That the electric current was due to the chemical combination of the oxygen of the air with the coke (carbon), there could be no doubt. Quantitative tests showed that oxygen was taken from the air; that carbon was consumed; that carbonic acid was formed. Moreover, the electromotive force obtained agreed almost exactly with that which is theoretically obtained from the combustion of oxygen with carbon to form carbonic acid (1.04 volts). That the phenomenon was not due to thermoelectric action was proved by the fact that when the whole apparatus was so enclosed that all the parts were kept at uniform temperature the maximum, the maximum electromotive force and current were obtained. Again. Later experiments with far larger apparatus have not only confirmed these results, but have shown that under proper conditions the electrical energy thus obtained is substantially equal to the potential energy of the weight of carbon consumed within the pot.
The invention had now been made. Electricity had been obtained directly from carbon. Would it work on a larger scale? Could the numerous practical difficulties be overcome? Platinum is more expensive even than gold, and hence some other metal must be used. Iron was tried, but the current obtained when the invention was practiced in an iron vessel was very small.
Vessels of copper, lead, zinc, tin, aluminum, nickel, magnesium, were destroyed. Gold and silver gave good results, but inferior to platinum. Again and again the experiments were repeated. There seemed to be no reason in theory why iron should not work as well as platinum, and vessels were made from samples of iron of all kinds.
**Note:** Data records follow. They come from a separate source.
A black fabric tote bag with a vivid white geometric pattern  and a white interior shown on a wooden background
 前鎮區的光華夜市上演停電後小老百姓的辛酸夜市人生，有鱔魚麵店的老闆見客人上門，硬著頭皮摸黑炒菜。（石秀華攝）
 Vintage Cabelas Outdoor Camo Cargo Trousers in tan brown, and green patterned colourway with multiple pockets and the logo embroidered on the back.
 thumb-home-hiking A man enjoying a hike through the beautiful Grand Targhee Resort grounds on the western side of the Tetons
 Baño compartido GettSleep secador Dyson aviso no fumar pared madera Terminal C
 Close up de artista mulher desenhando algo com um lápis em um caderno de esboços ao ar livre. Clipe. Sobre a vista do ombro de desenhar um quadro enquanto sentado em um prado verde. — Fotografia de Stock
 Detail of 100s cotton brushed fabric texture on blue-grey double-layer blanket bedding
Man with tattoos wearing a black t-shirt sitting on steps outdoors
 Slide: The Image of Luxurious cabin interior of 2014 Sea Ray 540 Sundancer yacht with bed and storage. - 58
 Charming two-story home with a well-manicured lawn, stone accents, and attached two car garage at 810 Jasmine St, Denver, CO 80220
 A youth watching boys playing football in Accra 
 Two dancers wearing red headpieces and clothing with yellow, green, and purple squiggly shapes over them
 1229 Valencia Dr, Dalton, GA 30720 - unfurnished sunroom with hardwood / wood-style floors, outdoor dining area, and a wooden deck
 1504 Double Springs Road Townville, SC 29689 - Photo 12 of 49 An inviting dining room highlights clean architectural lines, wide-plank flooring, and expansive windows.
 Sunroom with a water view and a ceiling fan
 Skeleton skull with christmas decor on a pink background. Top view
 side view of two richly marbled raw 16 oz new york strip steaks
Finally the reason was found. Most specimens of iron have an oily surface, which when heated, becomes converted into carbon, so that the iron tends to the action of the proper carbon itself. This led to a method of cleansing the surface of the iron; and when properly cleansed an iron pot is as good as one of platinum, and of course far cheaper.
The pots were now made larger and larger, until today they are made as large as a barrel; and the current is measured in hundreds of amperes.
Numerous other difficulties have had to be overcome. Coal, as it comes to us from the mines, is not a good conductor of electricity, and though an experimental apparatus was constructed in which it was found possible to consume ordinary coke shoveled onto a submerged grate, it has been found best to crush the coal and mould it into large sticks of convenient size to handle, and bake them to drive off the included gases and give them good electrical conductivity.
The rapidity with which the carbon is consumed, and consequently the strength of the electric current yielded by a cell, is greatly increased by thoroughly impregnating all parts of the liquid with an excess of oxygen; and this is best done by terminating the air supply pipe in a rose nozzle something like that of a watering pot, so that the air is injected into the liquid in a large number of fine sprays.
There are many kinds of liquid that may be used as electrolytic carriers, but unfortunately the most suitable become liquid only at elevated temperatures; so a certain amount of coal or other fuel has to be burned on a grate beneath the pots to maintain this temperature. As, however, there is no considerable consumption of heat, excepting as it is used in warming the incoming air or is lost by radiation, we may expect that in large apparatus, where a large number of pots are enclosed in a reasonably heat-tight oven, the consumption of coal on the grate will become comparatively very small. Even with a small two-horsepower apparatus, in which no very great precautions were taken to retain the heat, measurements showed that only one-third of a pound of coal per electrical horsepower hour was burned on a grate. A steam engine and dynamo of equivalent power would have consumed at least 40 times as much.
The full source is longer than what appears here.